(DATASET EXCERPTS begins)

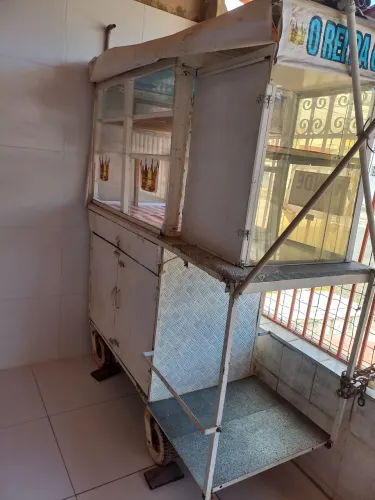 Carrinho para lanches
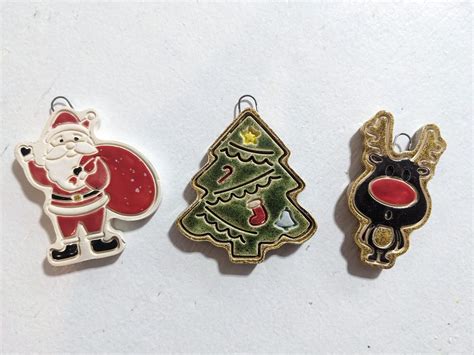 Hand Built Clay Christmas Ornaments (Kid Friendly), PG Studio Arts ...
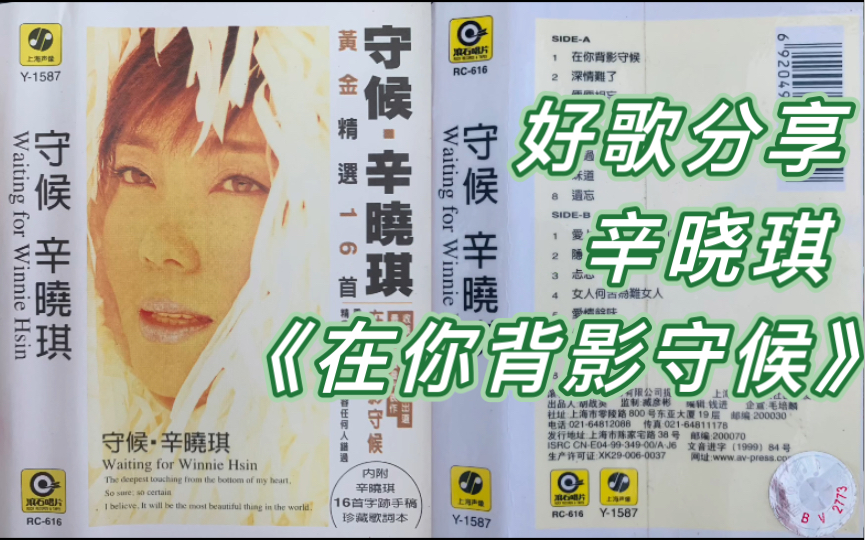 [图]好歌分享：辛晓琪《在你背影守候》重唱版 选自辛晓琪1999年《守候·辛晓琪》精选辑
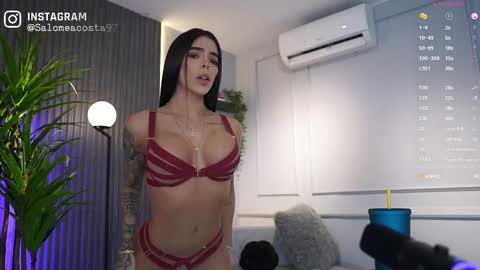 Salome Acosta online show from September 2025 10:31:02 PM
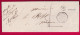 CAD TYPE 12 TOURNUS SAONE ET LOIRE OR OZENAY FRANCHISE DU MAIRE POUR MACON LETTRE - 1849-1876: Période Classique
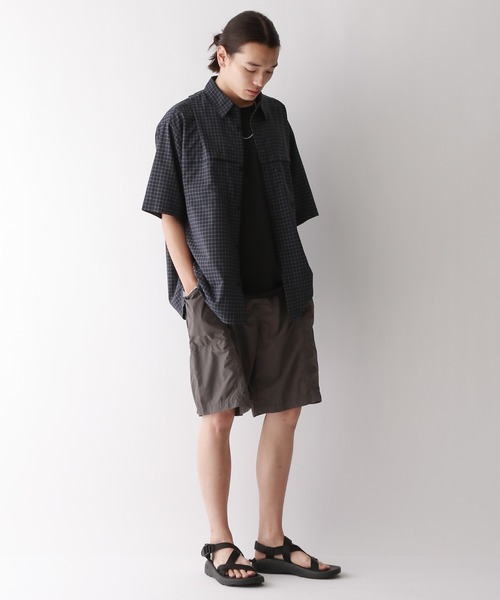 RAGEBLUE（レイジブルー）の「ナイロンイージールーズショーツ（その他パンツ・メンズ・グリーン系その他/ブラック/ベージュ/ネイビー/グレー・SMALL/MEDIUM/LARGE）」の12枚目の写真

(DATASET EXCERPTS ends)

ACTIVITY:
An exact copy of the entries, minus the pictures, is what's needed here.

YOUR RESPONSE:
 Carrinho para lanches
 Hand Built Clay Christmas Ornaments (Kid Friendly), PG Studio Arts ...
 [图]好歌分享：辛晓琪《在你背影守候》重唱版 选自辛晓琪1999年《守候·辛晓琪》精选辑
 Salome Acosta online show from September 2025 10:31:02 PM
 CAD TYPE 12 TOURNUS SAONE ET LOIRE OR OZENAY FRANCHISE DU MAIRE POUR MACON LETTRE - 1849-1876: Période Classique
 RAGEBLUE（レイジブルー）の「ナイロンイージールーズショーツ（その他パンツ・メンズ・グリーン系その他/ブラック/ベージュ/ネイビー/グレー・SMALL/MEDIUM/LARGE）」の12枚目の写真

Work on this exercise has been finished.